*Action item*. All lines below starting at the one that holds "Trend men's mesh" and ending at the one that holds "The arched window" should be printed exactly, ends included. Pictures should not be printed, nor anything else.

*Data for this task*.
**********
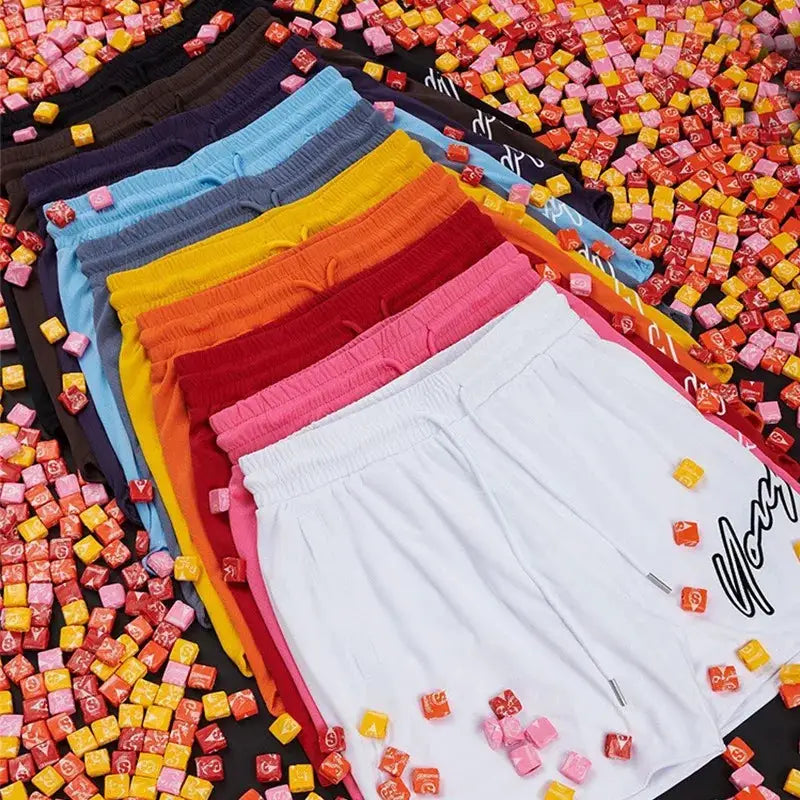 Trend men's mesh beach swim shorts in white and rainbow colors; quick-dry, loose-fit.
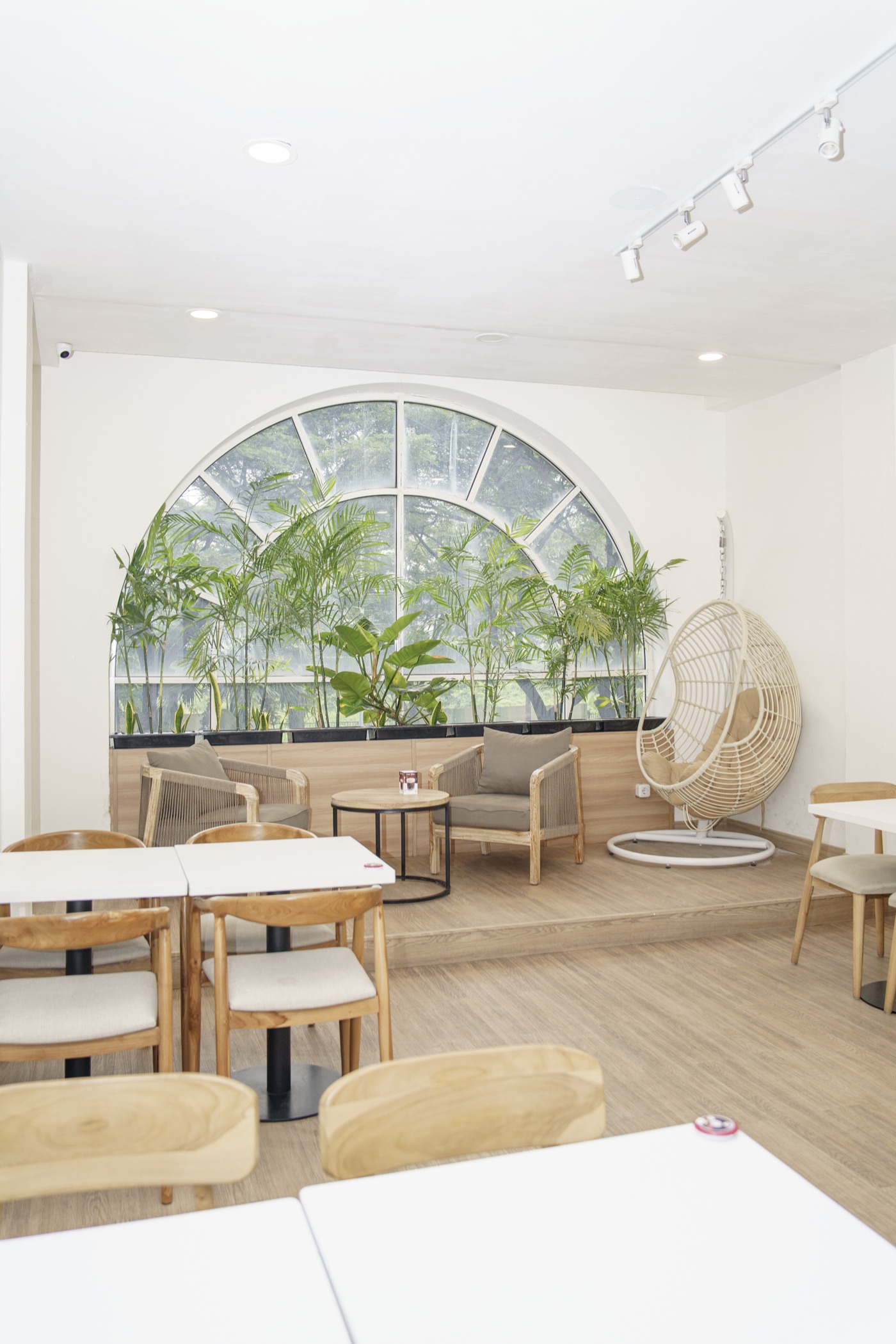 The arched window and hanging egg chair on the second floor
**********
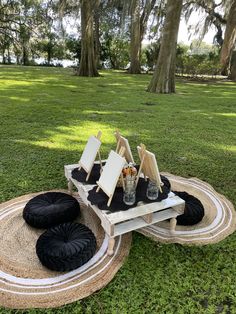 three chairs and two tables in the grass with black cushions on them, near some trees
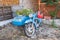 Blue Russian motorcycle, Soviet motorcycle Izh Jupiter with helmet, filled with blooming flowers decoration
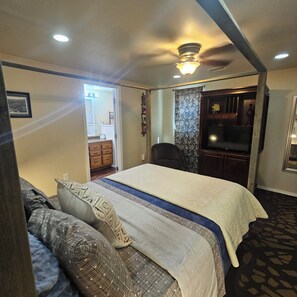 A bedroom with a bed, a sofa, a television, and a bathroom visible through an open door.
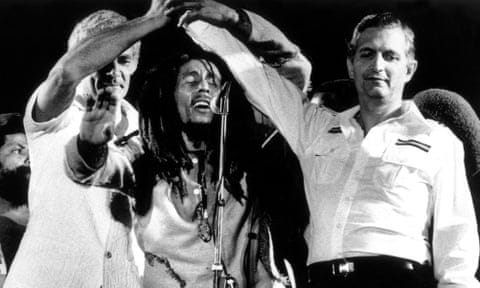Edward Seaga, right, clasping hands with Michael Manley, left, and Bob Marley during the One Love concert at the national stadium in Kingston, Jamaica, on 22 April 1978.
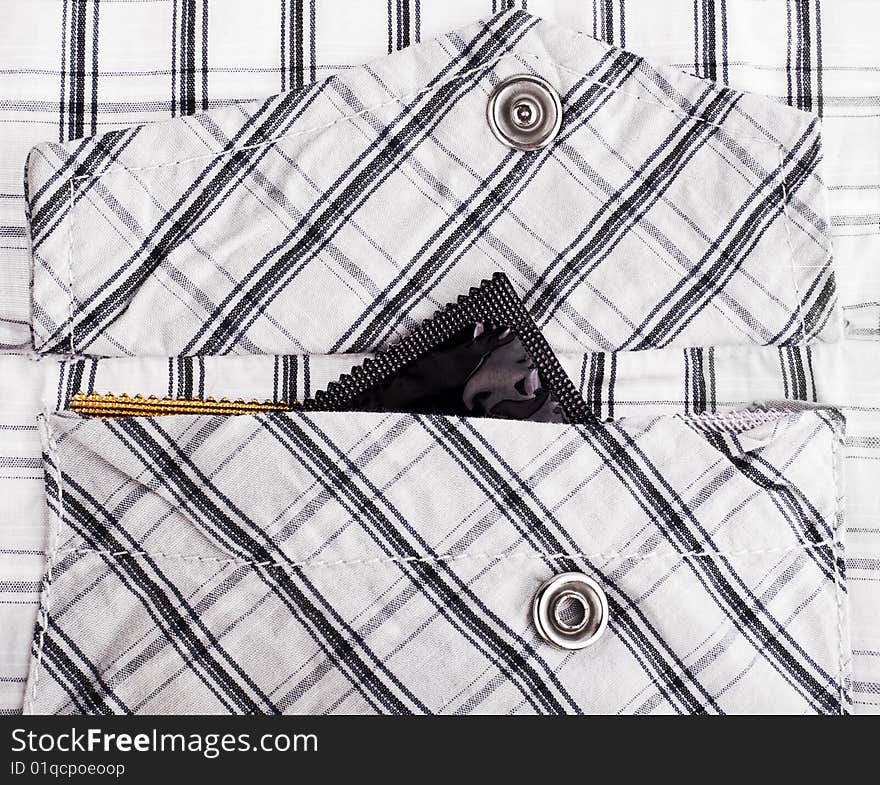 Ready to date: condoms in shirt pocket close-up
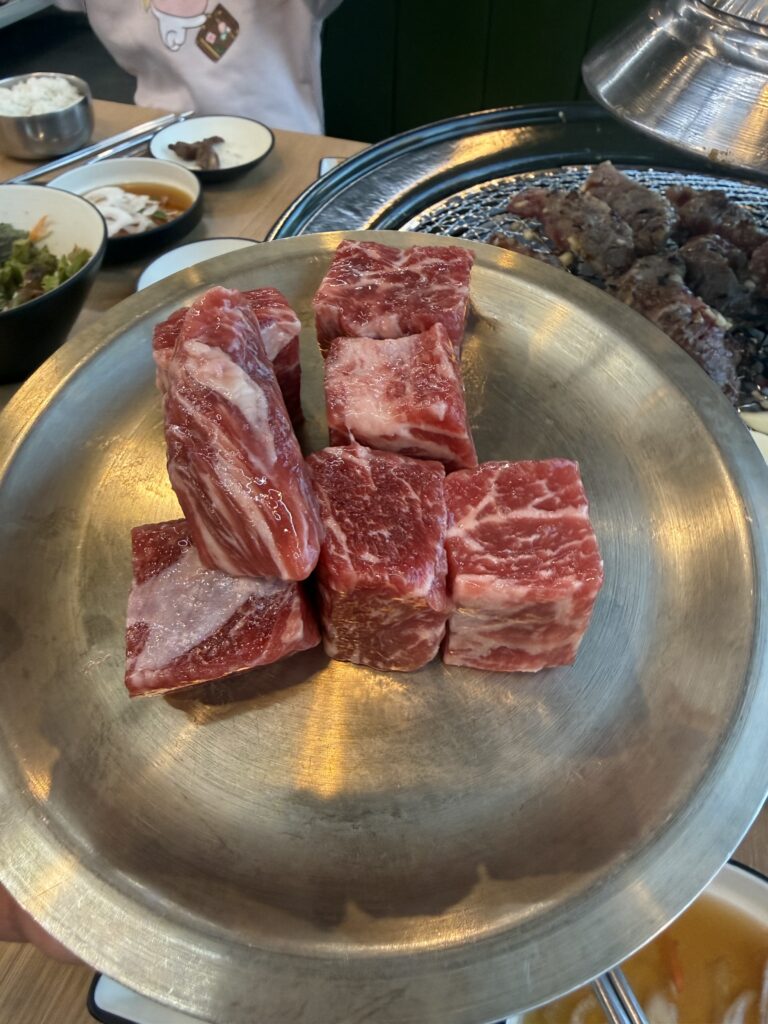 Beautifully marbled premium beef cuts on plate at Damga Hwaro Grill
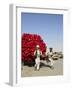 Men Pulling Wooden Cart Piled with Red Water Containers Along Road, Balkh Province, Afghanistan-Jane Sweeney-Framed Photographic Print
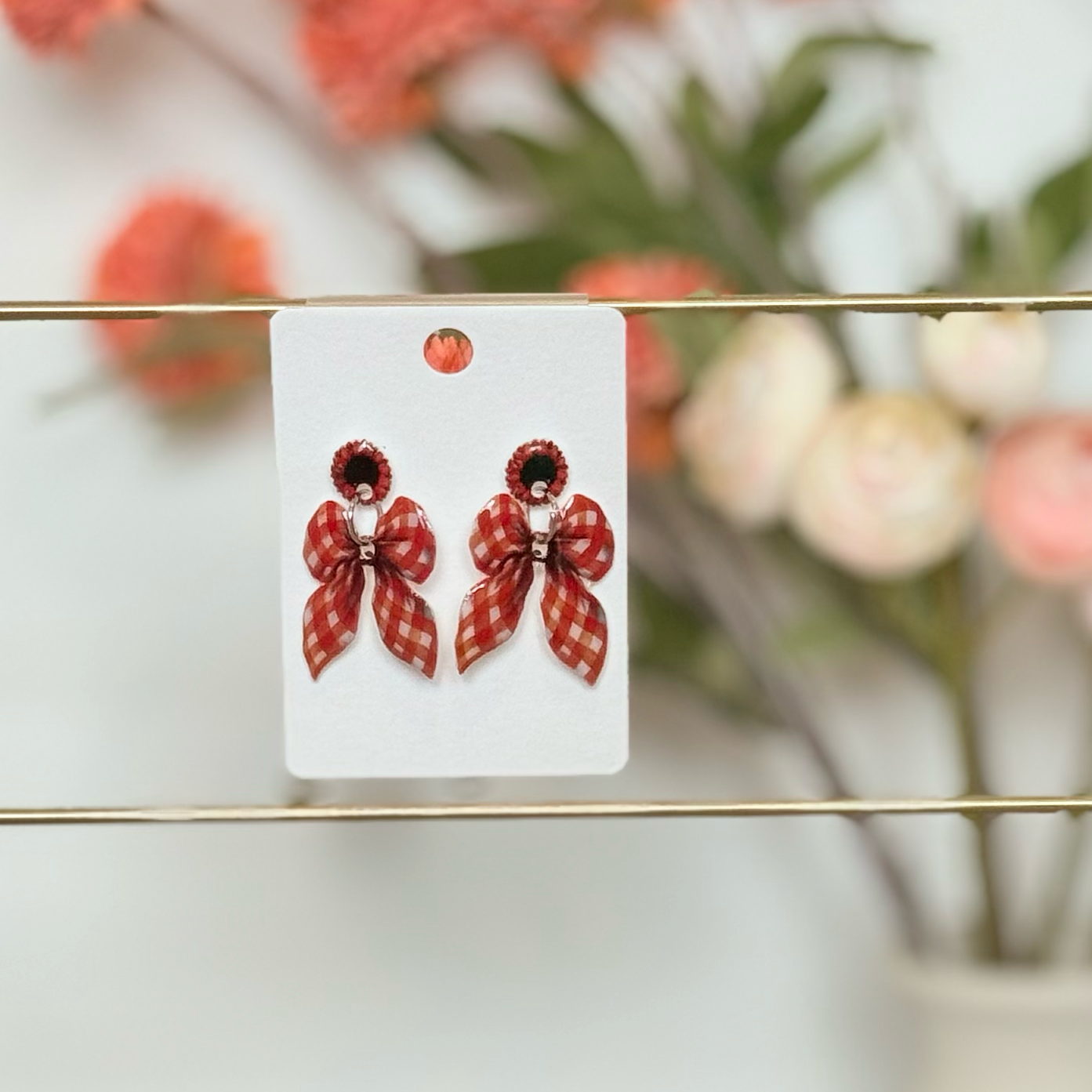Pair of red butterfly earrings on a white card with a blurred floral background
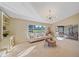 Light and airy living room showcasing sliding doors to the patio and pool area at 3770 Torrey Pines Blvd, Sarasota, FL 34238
**********
*Response to this exercise*.
 Trend men's mesh beach swim shorts in white and rainbow colors; quick-dry, loose-fit.
 The arched window and hanging egg chair on the second floor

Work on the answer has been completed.